Minerals

 

Few mineral deposits are easy pickings. Mining a diamond moves and processes tons of dirt. Before cheap energy, only those commanding the equivalent of slave labor mined diamonds, a legacy that lives on in African “blood diamond” controversies today.

Rare earth shortages have been a recent buzz. Rare earths are used in gizmos like cell phones and high efficiency electric generators. Chinese rare earth mines that have been the near-sole source of these things for 10 years appear to have peaked. Rare earth mines elsewhere are opening, but no one has hazarded a guess on the total global reserves.

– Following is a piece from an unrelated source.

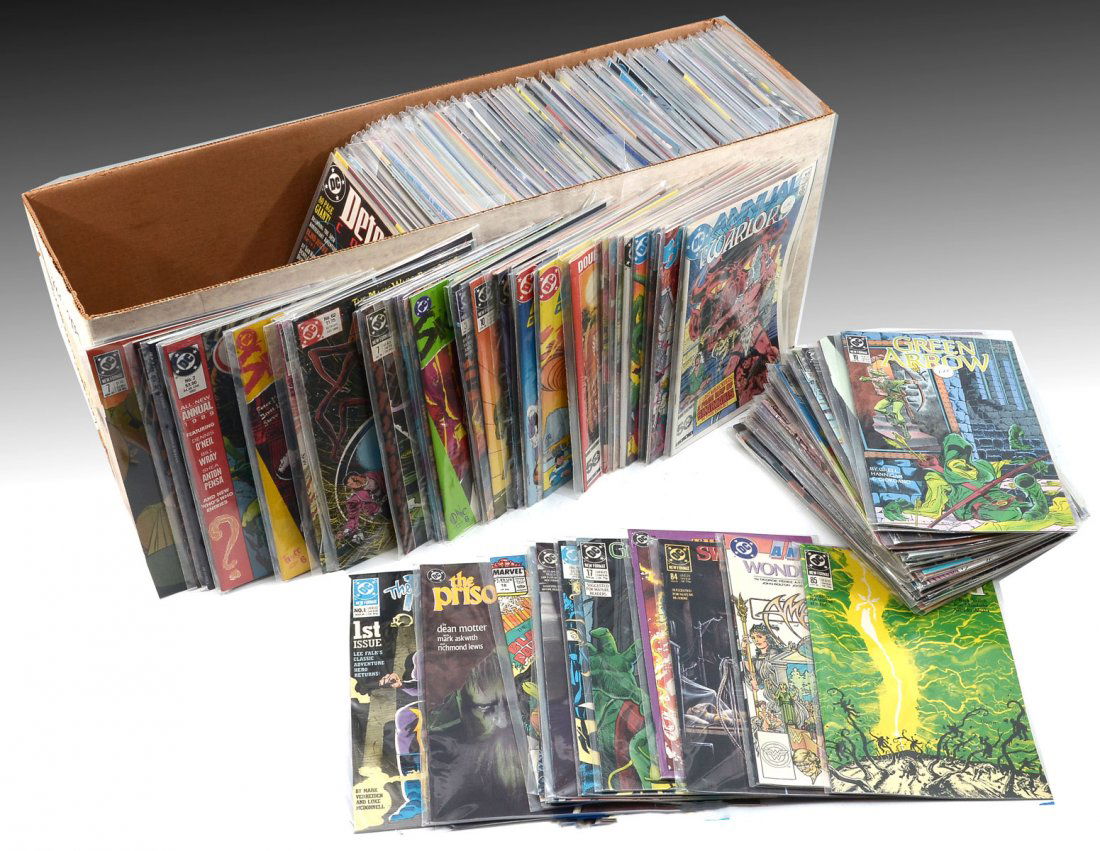 250+ DC COMIC BOOK COLLECTION: 250+ DC COMIC BOOK COLLECTION: $1.25 and up. Including titles such as Batman, The New Teen Titans, Animal Man, The Phantom, Star Trek, Superman, and Many More. All reside in a long case box.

Mining and refining rare earths is energy intensive and environmentally messy, but demand has grown rapidly because they are used in many exotic new, new things: flat screen TV, photovoltaic cells, electric cars, windmill generators.

For now, ingenuity is alleviating the pinch. Tesla’s induction motors in electric cars need no rare earths. Other industries have cut rare earth use or substituted. Prices of rare earths are dropping. But if normal market logic resumes and rare earth demand soars again, where will we be?

Like rare earths, all mineral reserves have ill-defined limits characterized by diminishing richness of ore. If growth consuming them continues to average 2% annually, we dig faster and deeper through known reserves on into less and less concentrated sources. For the punch line of this see the graph.  Question: If global return on energy (EROEI) is diminishing, and if the concentration of ores we mine is diminishing, where are we headed?

A 2% rate of growth over a period of 50 years racks up a 270% rise in annual use. Note that Diederen projects that at that growth rate we’d even exceed present proven reserves of iron ore (Fe), and be grubbing ever more rock to get less and less iron.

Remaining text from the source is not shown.